We are learning to interpret meaning from information in a non-fiction article and apply it to our own ideas.
Students discuss the meaning of the Aloha spirit.
Students explain how sending a personalised coconut is an act of kindness.
Students design their own coconut for a particular person.
Students write a sentence explaining their design.
Design a coconut that you would send if you visited Hoolehua Post Office.
After reading the article, watch the YouTube video Mailing a Molokai coconut with Post-A-Nut, pausing at appropriate times to allow students to see the different designs of the coconuts. Discuss how it would feel to receive one of these coconuts in the mail all the way from Hawaii.
Ask the students to recall the places mentioned in the article that coconuts have been sent to (the Antarctic, Easter Island, Iceland, Kathmandu, Kazakhstan, Namibia, Zermatt in the Swiss Alps). If you have a digital subscription, go to the interactive to demonstrate how far these places are from Hawaii.

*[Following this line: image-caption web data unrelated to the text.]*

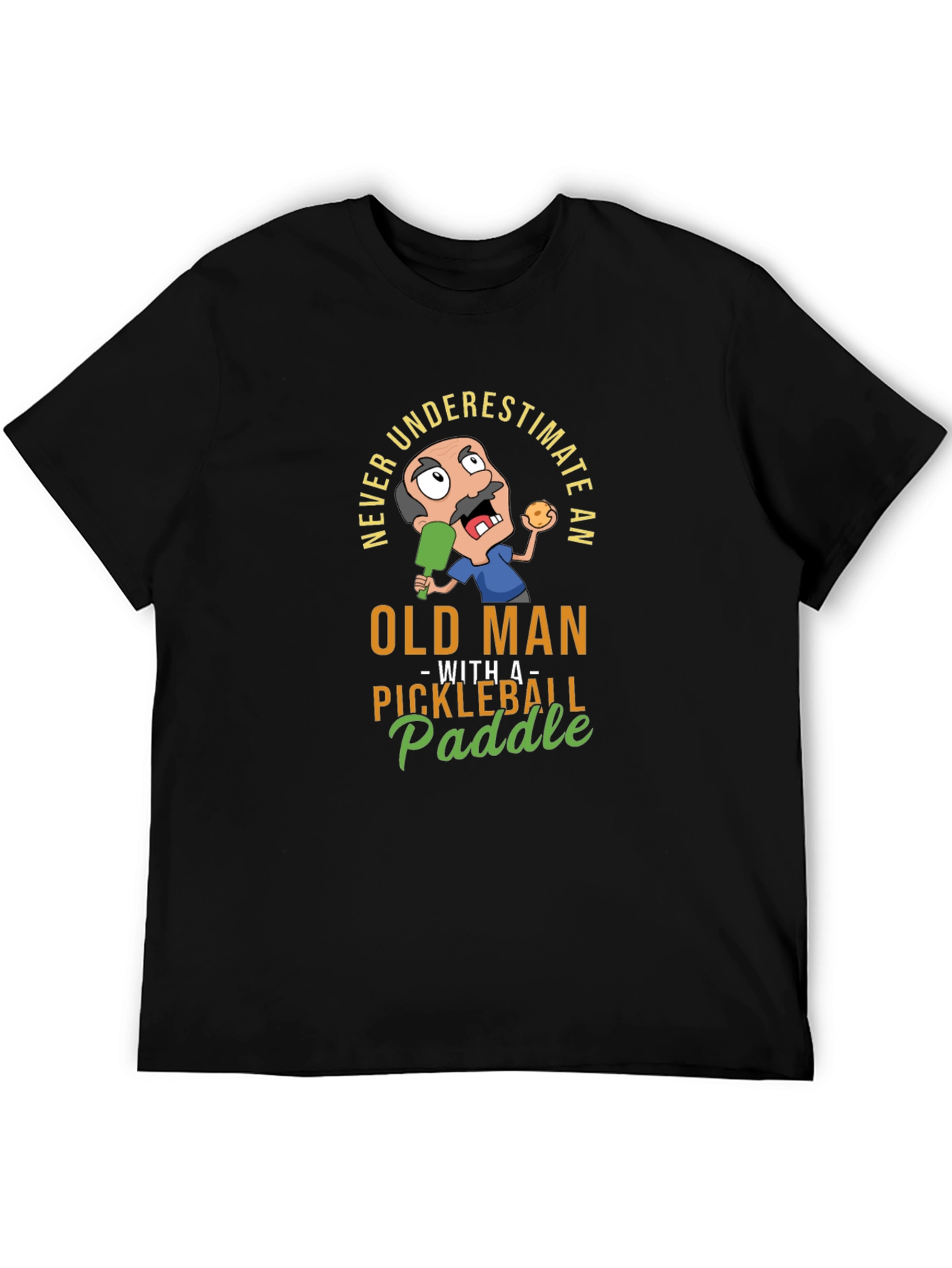 Never Underestimate Old Man with Pickleball Paddle T-Shirt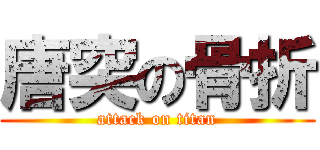 唐突の骨折 (attack on titan)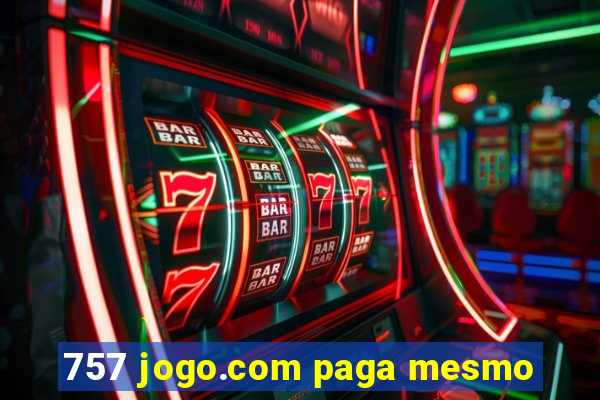 757 jogo.com paga mesmo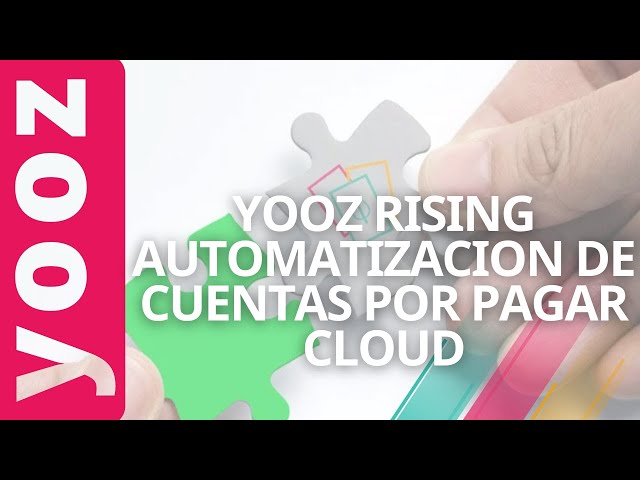 Yooz Rising: Demo 30s - Automatizacion cuentas a pagar cloud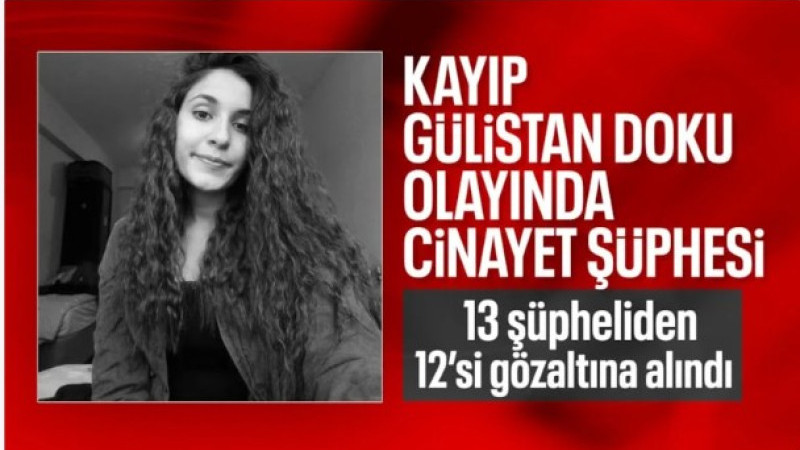 Gülistan Doku soruşturması: 13 şüpheliden 12'si cinayet şüphesiyle gözaltına alındı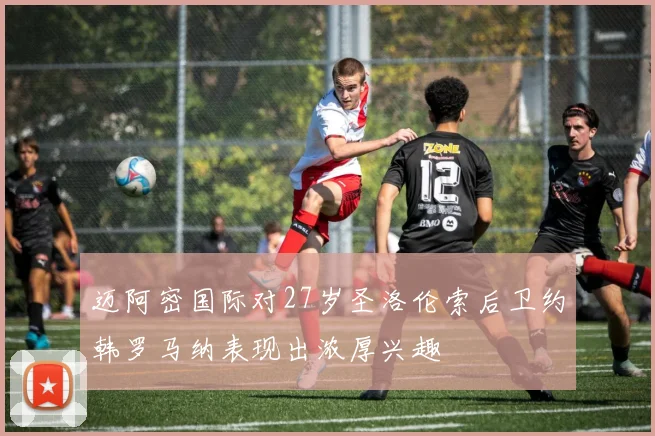 迈阿密国际对27岁圣洛伦索后卫约韩罗马纳表现出浓厚兴趣
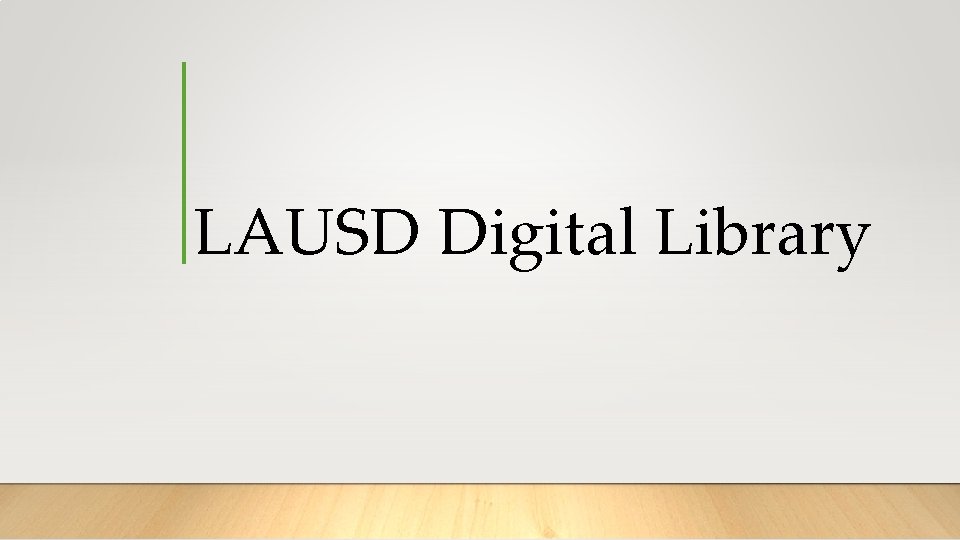 LAUSD Digital Library 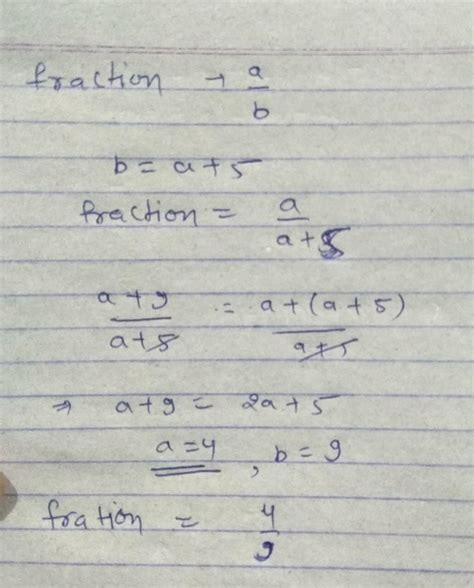 10. The denominator of a fraction exceeds the numerator by 5. If the ...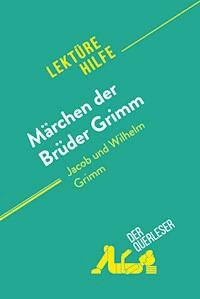 Märchen der Brüder Grimm von Jacob und Wilhelm Grimm (Lektürehilfe) - Dominique Coutant-Defer - E-Book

Ask the students if they remember what the values of the Aloha spirit were in the article (warmth, harmony and goodness) and discuss what they mean, as well as how they can be applied in our lives. Explain that the Aloha spirit is a law in Hawaii, and although it’s basically impossible to enforce, it is an expectation of citizens to conduct themselves with kindness and consideration for others.
Ask the students for their thoughts on how creating a personalised design or message on a coconut and mailing it to somebody can send part of the Aloha spirit to people who are far away from Hawaii. Tell them to consider who they would send a coconut to if they had the chance to visit the Hoolehua Post Office.
Students should then draw a circle on paper to represent a coconut, then draw and colour their personalised design or message, writing a sentence underneath about who it is for and what it means. These could be displayed in the classroom with a Post-A-Nut sign.